How i wish,i can cheer up but just chanting,cheer up,cheer up!
But as much as i wanna cheer up,i simply cant.
How can things ever get worst?
I skipped this morning web design's practical because i took the wrong bus.
I was at kun's house bus-stop,and was supposed to board bus 15.
From afar,i saw a half-blocked bus that ends with a 5,and without hesitation,i board onto it.
I was quite sleepy as i didnt manage to have to good sleep previous night,therefore,i dozed off on the bus.
When i woke up at about half-hr later,i realise that i was at hougang.
I was so shocked!i quickly alighted the bus,and realise that the bus i took,was 55,instead of 15.
And when i finally reached tampines,it was already 9.30.
Instead of heading to school,i headed home hoping to get some nap.
But i didnt managed to.
My brother was argueing with my father.
Haiz.
I headed to school,and thankfully,school was so much better.

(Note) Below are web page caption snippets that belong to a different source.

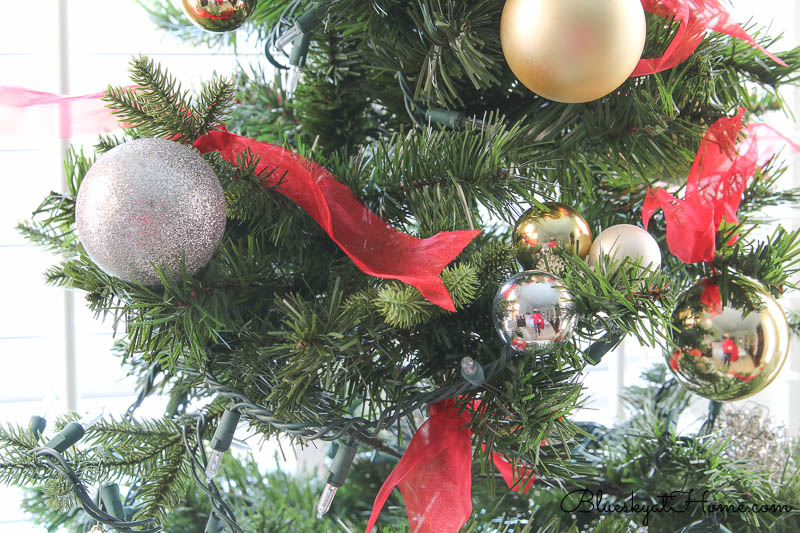 Christmas ornaments with red ribbon ties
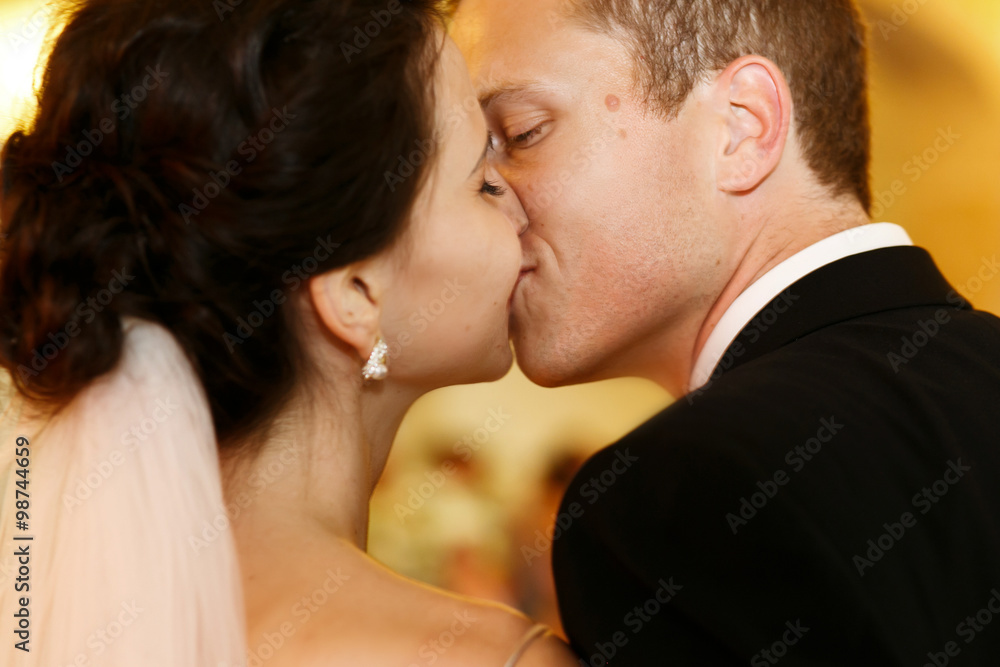 Handsome tender groom kissing emotional brunette bride closeup Handsome tender groom kissing emotional brunette bride closeup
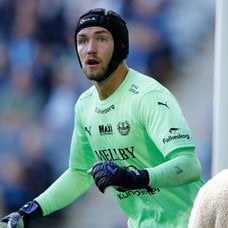 Noel Törnqvist i hjälm och Noel Törnqvist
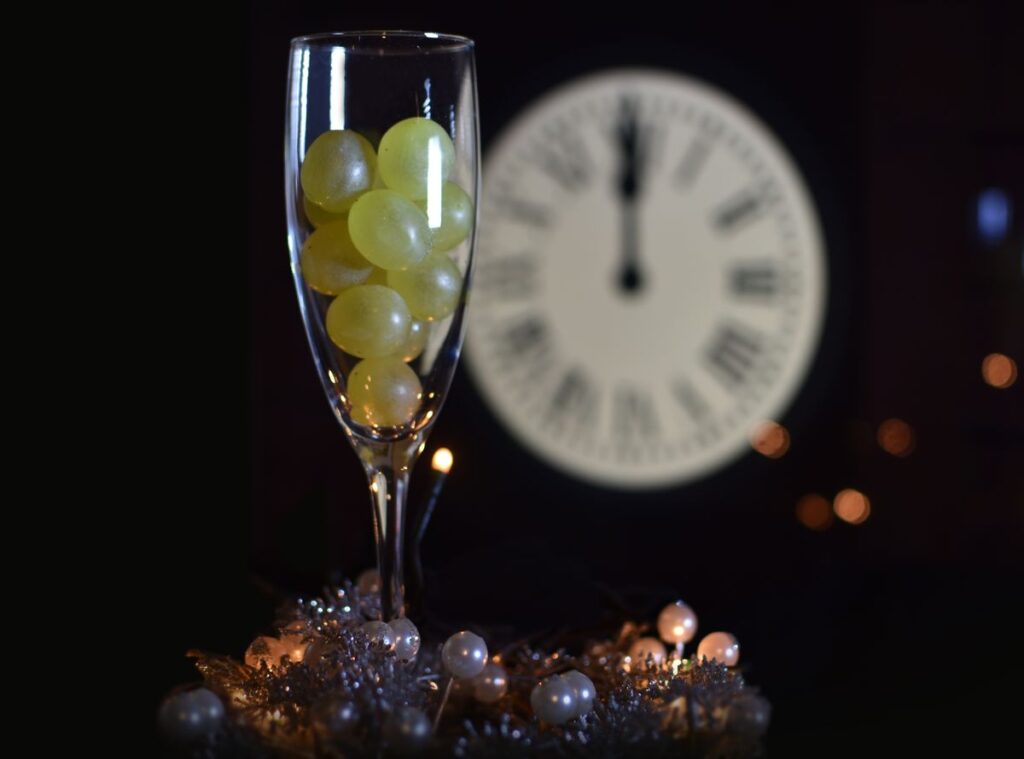 Why do locals in Spain eat 12 grapes to ring in the New Year?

Lesson ended,and i headed down to the library cause i dont feel like going home.
And slacked there till 6.
I decided not to go for tkd training,and just wants to find something to do.
I headed to ITAS,bought some snacks,and was heading home.
Saw a friend,we said hello to each other,and walked off without a bye.
Guess,we have our own things to do,and cant even spare 5mins for a small chat.
But it's happening too fast.
It has only been a few weeks,and now we dont communicate much in any form of communication already..
Guess,i wasnt over-worrying,it just prove that my instinct was right.
Went home,and realise that something drastic had happened.
My sis decided to shift to her friends house,and me,to kun's hse.
Leaving my bro and my parents at home.
Our family is falling apart,and it wont be long,before my parents sells the house,and each of us will lead our own life on our own...
I saw that coming.
And all these,wont happen if not for my bastard elder brother.
I am losing my kinship and my friendship.
And i am getting less alert day by day.
I dont know what is going to happen to me.
Despite eating 4 bars of chocalate,it still dont help.
I hate restrictions,i just wanna live my life happily.
Now,i cant even concentrate on my homework,my brains is just full of thoughts right now.
I had clean forgotten all the things that i had learnt in lecture.
Am i going to flunk because of all these?